In den frühen 1960er Jahren irgendwo in Deutschland leben der 10jährige Hans und seine Eltern, die davon träumen, dieser Welt zu entfliehen. Dies wird eines kalten Wintertages mit großer Kraftanstrengung und viel Geduld in die Tat umgesetzt: die Familie zieht auf eine abgeschiedene Insel im nahegelegenen See. Dort gibt es ein Haus, in der ein Schäfer mit seinem Hund gelebt hat. Hans' Familie tritt in seine Fußstapfen und der Hund wird Hans' bester neuer Freund. Während die Eltern damit beschäftigt sind, sich an ihr neues Leben zu gewöhnen, sträunert Hans ganz seelig allein mit Hund über die Insel und genießt die Stille.

"Bald, sehr bald würde er ein Inselkönig sein, gekrönt durch sich selbst.
Hans, der Erste.
Hans, der Große.
Hans, Herrscher von Amerika." (S.15)

Endlich ist Hans seinen Peinigern aus der Schule entkommen. Aber auch Sehnsucht nach seinem Freund Kalle bricht sich Bahn. Die Einsamkeit kann einerseits schön, andererseits aber auch traurig sein.

Als man in der Stadt vom neuen Wohnsitz der Familie erfährt, ändert sich einiges.
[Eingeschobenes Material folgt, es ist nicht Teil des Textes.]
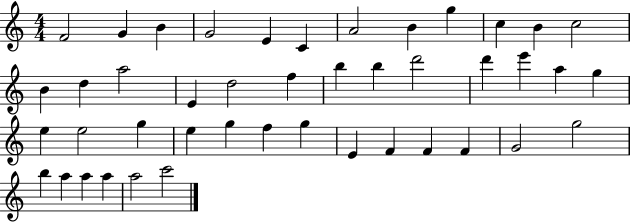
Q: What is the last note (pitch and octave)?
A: C6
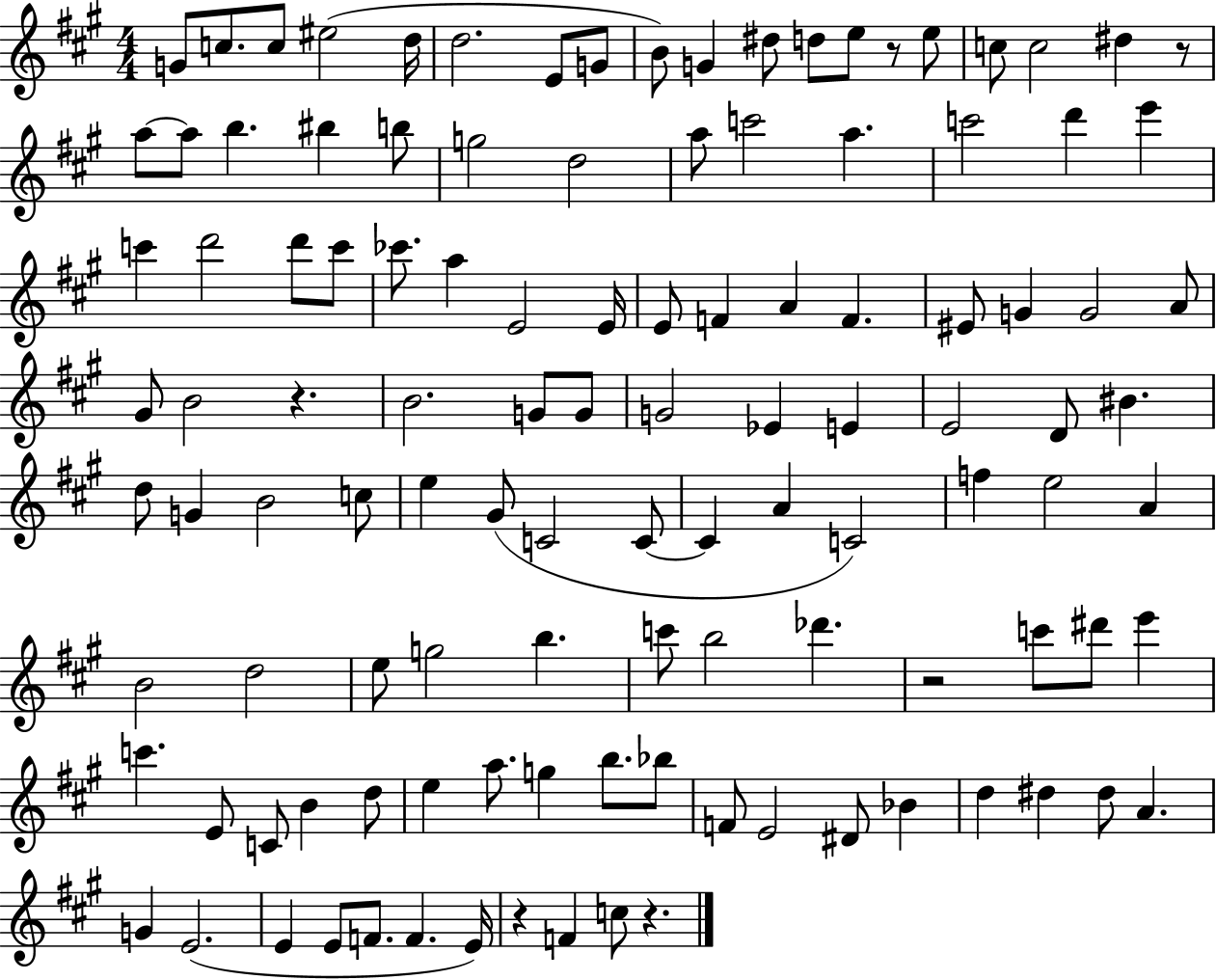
{
  \clef treble
  \numericTimeSignature
  \time 4/4
  \key a \major
  g'8 c''8. c''8 eis''2( d''16 | d''2. e'8 g'8 | b'8) g'4 dis''8 d''8 e''8 r8 e''8 | c''8 c''2 dis''4 r8 | \break a''8~~ a''8 b''4. bis''4 b''8 | g''2 d''2 | a''8 c'''2 a''4. | c'''2 d'''4 e'''4 | \break c'''4 d'''2 d'''8 c'''8 | ces'''8. a''4 e'2 e'16 | e'8 f'4 a'4 f'4. | eis'8 g'4 g'2 a'8 | \break gis'8 b'2 r4. | b'2. g'8 g'8 | g'2 ees'4 e'4 | e'2 d'8 bis'4. | \break d''8 g'4 b'2 c''8 | e''4 gis'8( c'2 c'8~~ | c'4 a'4 c'2) | f''4 e''2 a'4 | \break b'2 d''2 | e''8 g''2 b''4. | c'''8 b''2 des'''4. | r2 c'''8 dis'''8 e'''4 | \break c'''4. e'8 c'8 b'4 d''8 | e''4 a''8. g''4 b''8. bes''8 | f'8 e'2 dis'8 bes'4 | d''4 dis''4 dis''8 a'4. | \break g'4 e'2.( | e'4 e'8 f'8. f'4. e'16) | r4 f'4 c''8 r4. | \bar "|."
}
Und durch ein bisschen Ungehorsam von Hans ändert sich gleich sein ganzes Leben.

"Hans, einer von vielen.
Hans, Knecht unter Knechten.
Hans, der nicht mehr Hans ist." (S.112)

Mit großer Zartheit und fantastischen poetischen Bildern erzählt Gieselmann die Geschichte von Hans -von seinem Inselmann. Die Sprache des Romans könnte Hans als König der Insel eigentlich den Rang streitig machen. Die Sprache ist wunderbar, mit eingängiger Melodie und melancholisch träumerischen Bildern. Kurze Sätze bringen das Geschehen voran, so dass trotz des knappen Umfangs viel passiert. Im Äußeren, wie auch im Inneren von Hans.

Macht sich anfangs beim Lesen noch eine angenehme Stille breit, so gibt es plötzlich so etwas wie einen Knall, und alles ist anders. Ich persönlich empfand dies als Bruch und hadere ein wenig mit der unerwarteten Wendung. Die Stille wurde jäh durchbrochen, wie unangenehm. Aber möglicherweise genau so gewollt.
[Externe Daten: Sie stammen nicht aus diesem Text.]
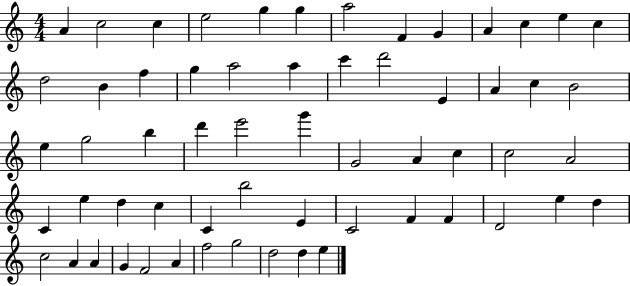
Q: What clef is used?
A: treble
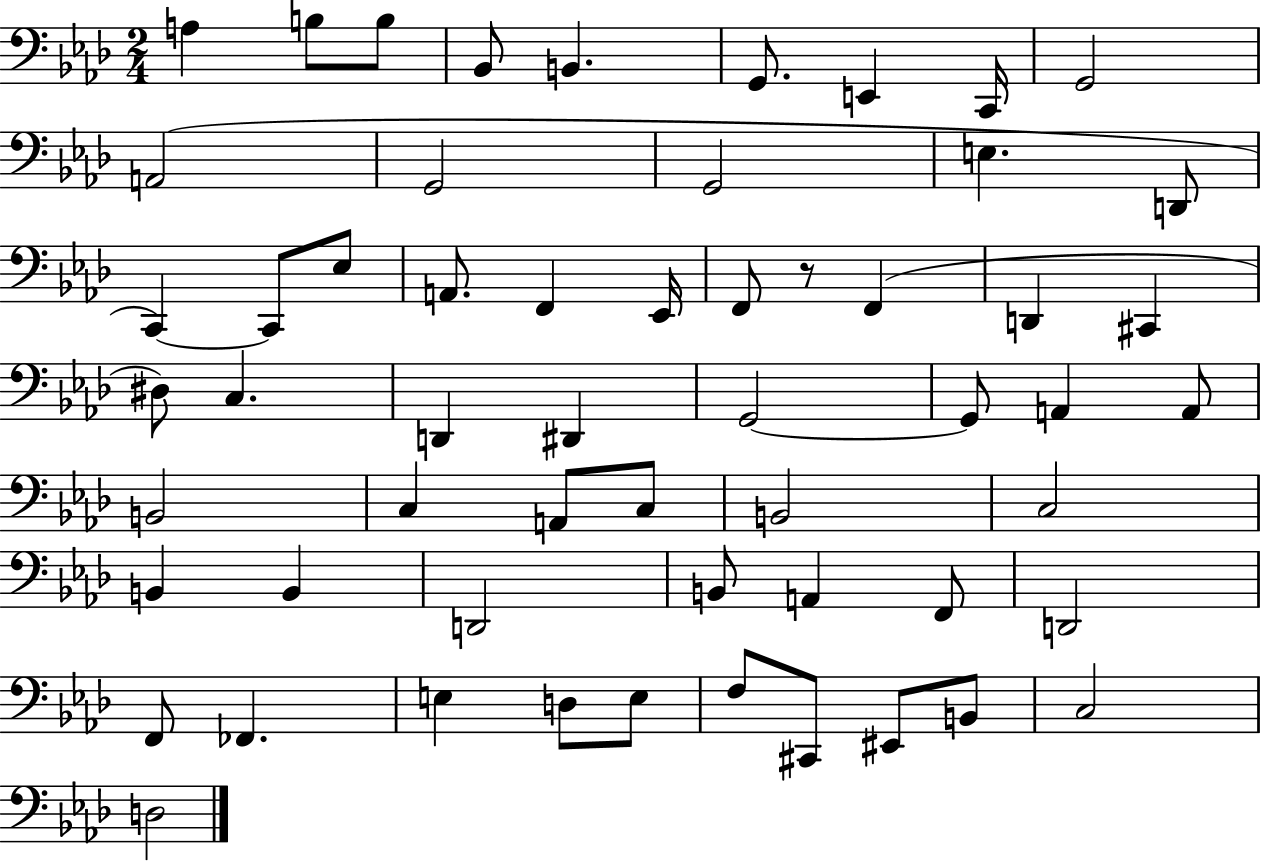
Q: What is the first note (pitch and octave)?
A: A3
Was danach kommt, bleibt bei mir nicht mehr gut haften. Dies zeigt mir, dass der Roman trotz großer Sprachwunder auch Distanziertheit mit sich bringt. Richtig gut bei Hans bin ich nicht angekommen. Im Gegensatz zu ihm selbst...

Das Ende bringt die Stille zurück. Eine andere Stille. Friedlich, erschöpft, einsam... aber schön.

Welch ein Zufall, dass ich dieses wunderbar poetisch-lyrische Werk ausgerechnet am "Welttag der Poesie" rezensiere ;)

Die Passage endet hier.